> Data for this exercise:
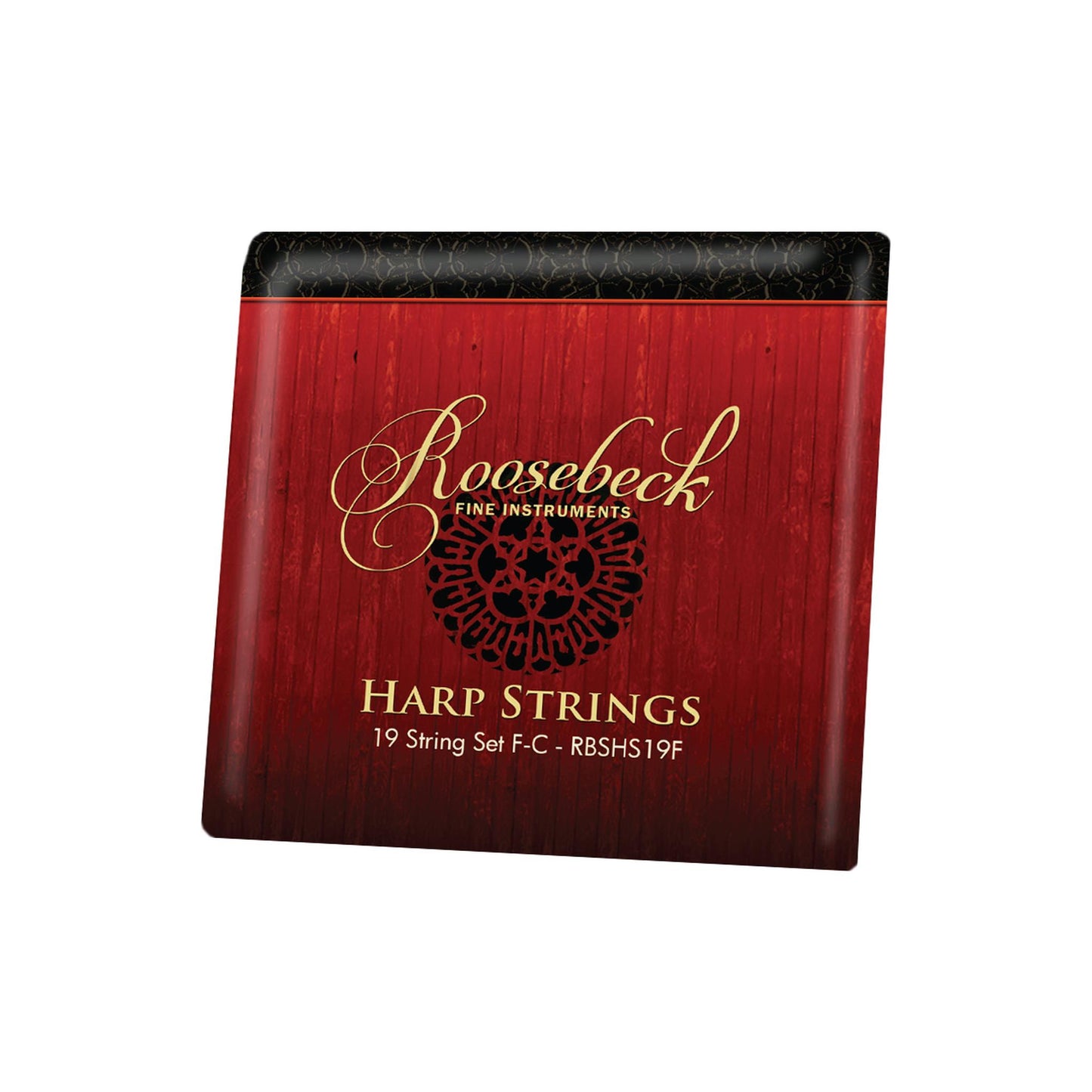Roosebeck Harp String Set, 19, F - C
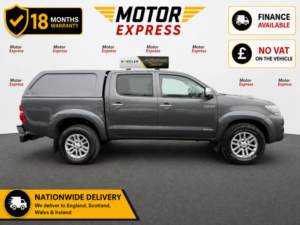 2016 Toyota Hilux 3.0 D-4d Invincible in Grey — image 6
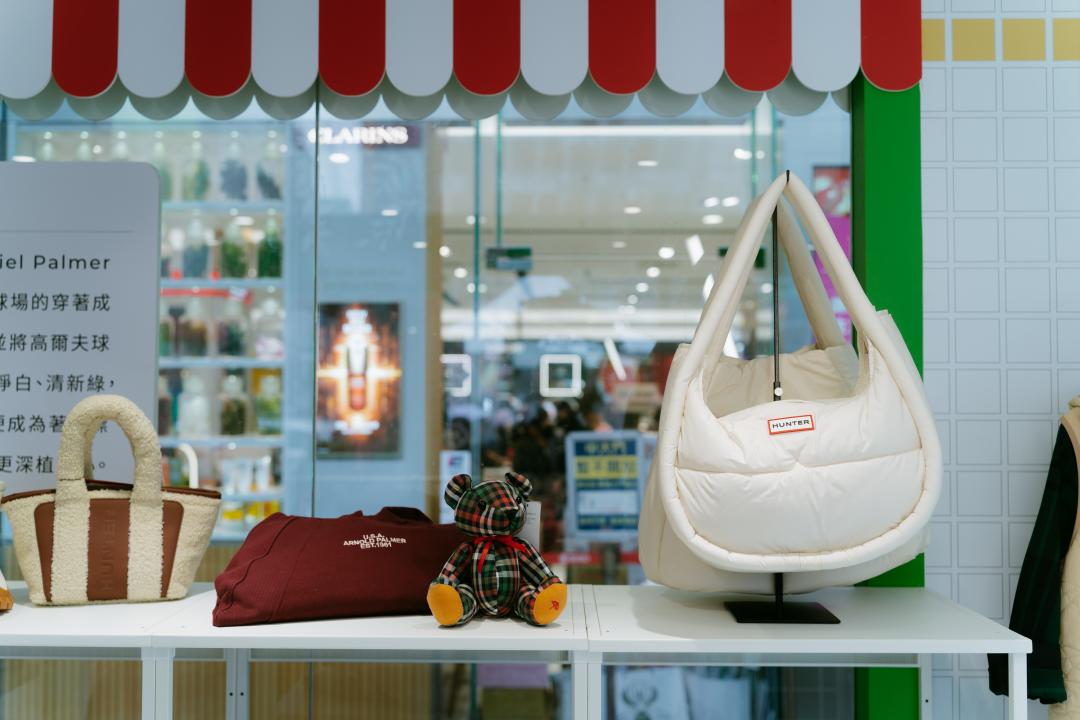 Arnold Palmer攜手HUNTER開張快閃小屋!繽紛色系超好拍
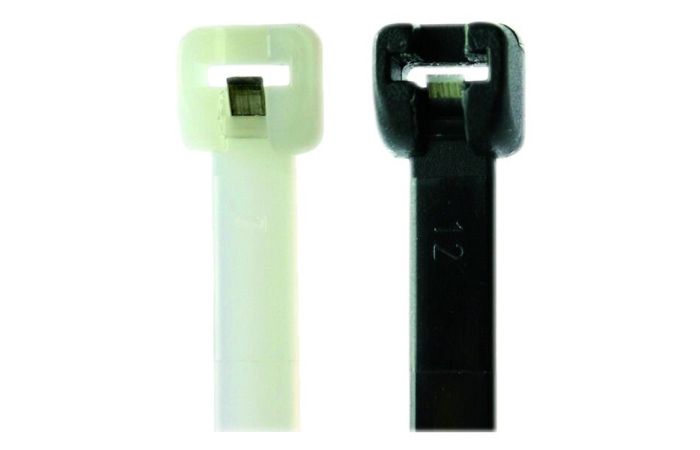 Dirželis plieniniu liežuvėliu 140x3.5 juodas PKB-S [100] - PROTEC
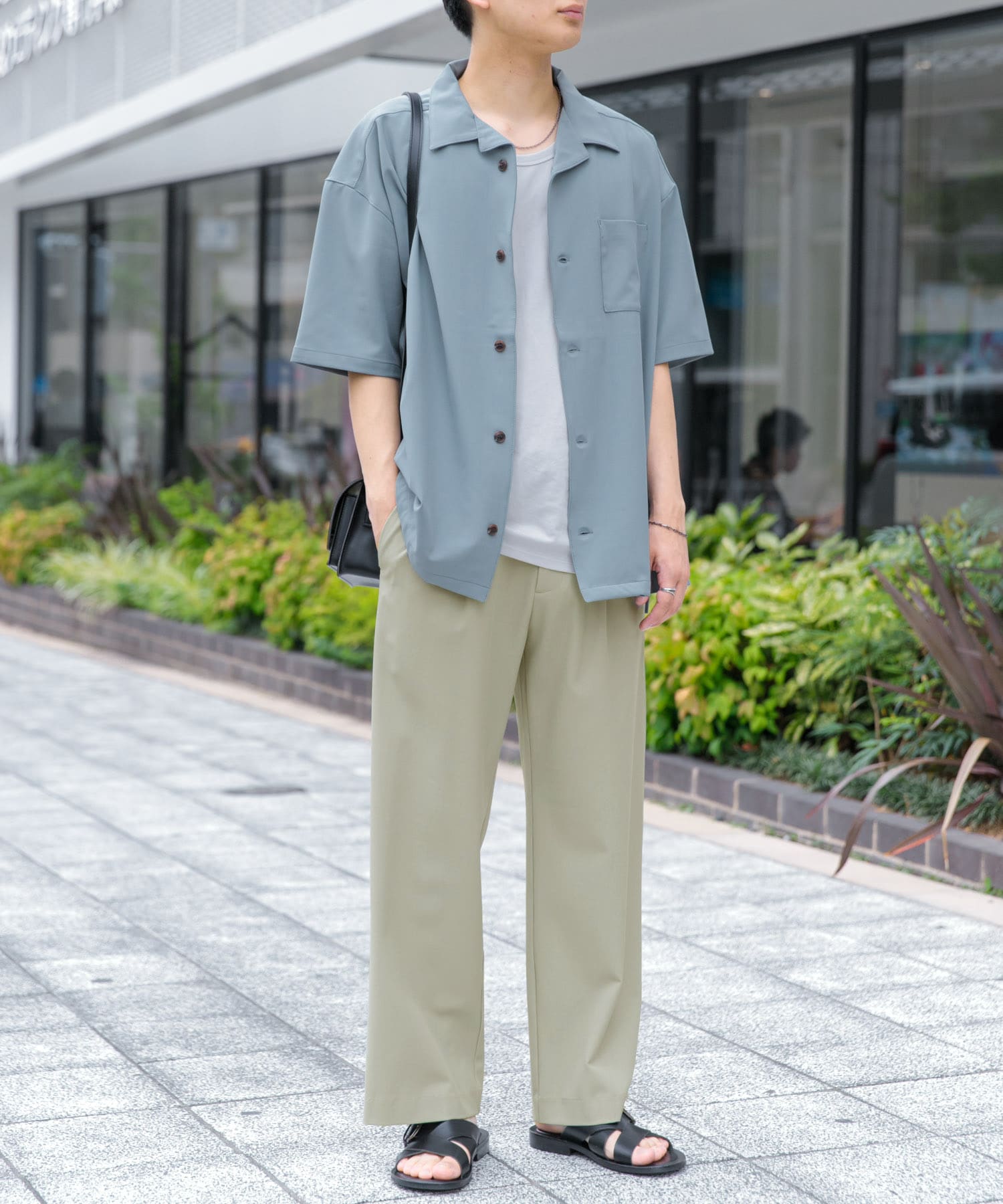 身長：172cm サイズ：S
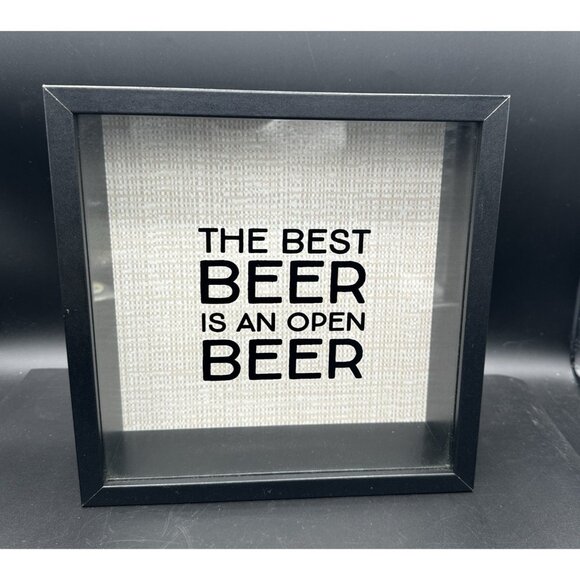 Beer Money Coin Bank for Adults The Best Beer is an Open Beer - Picture 1 of 11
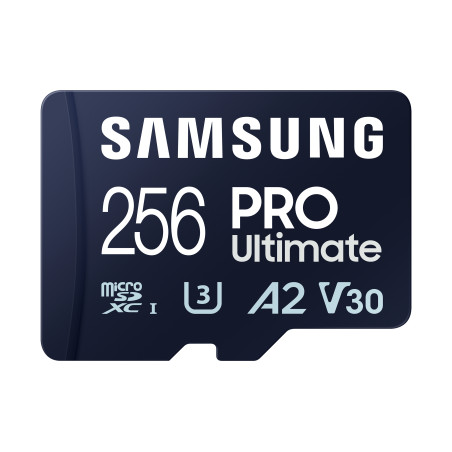 Micro SD PRO Ultimate 256GB+SD Adapter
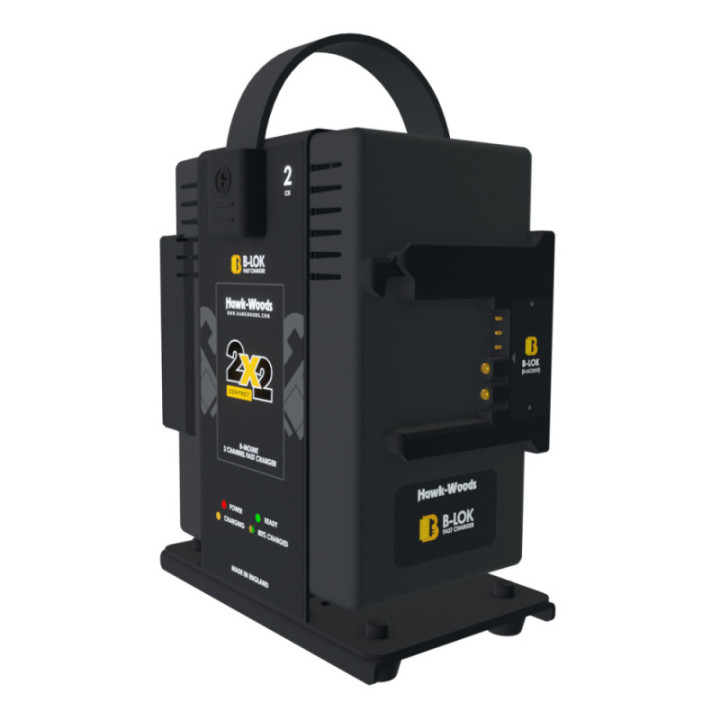 Hawkwoods BL-2X2 - BL Dual Channel Fast Charger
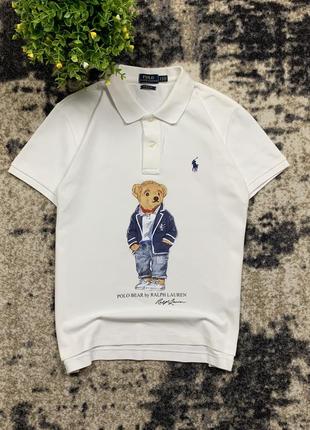 Поло polo ralph lauren bear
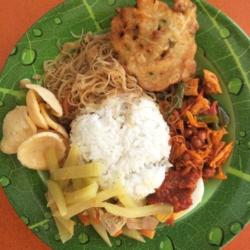 Nasi Sayur Vegetarian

> What you are asked to do: Copy the entries above verbatim. Pictures do not belong in the copy.

> Problem solution:
Roosebeck Harp String Set, 19, F - C
 2016 Toyota Hilux 3.0 D-4d Invincible in Grey — image 6
 Arnold Palmer攜手HUNTER開張快閃小屋!繽紛色系超好拍
 Dirželis plieniniu liežuvėliu 140x3.5 juodas PKB-S [100] - PROTEC
 身長：172cm サイズ：S
 Beer Money Coin Bank for Adults The Best Beer is an Open Beer - Picture 1 of 11
 Micro SD PRO Ultimate 256GB+SD Adapter
 Hawkwoods BL-2X2 - BL Dual Channel Fast Charger
 Поло polo ralph lauren bear
 Nasi Sayur Vegetarian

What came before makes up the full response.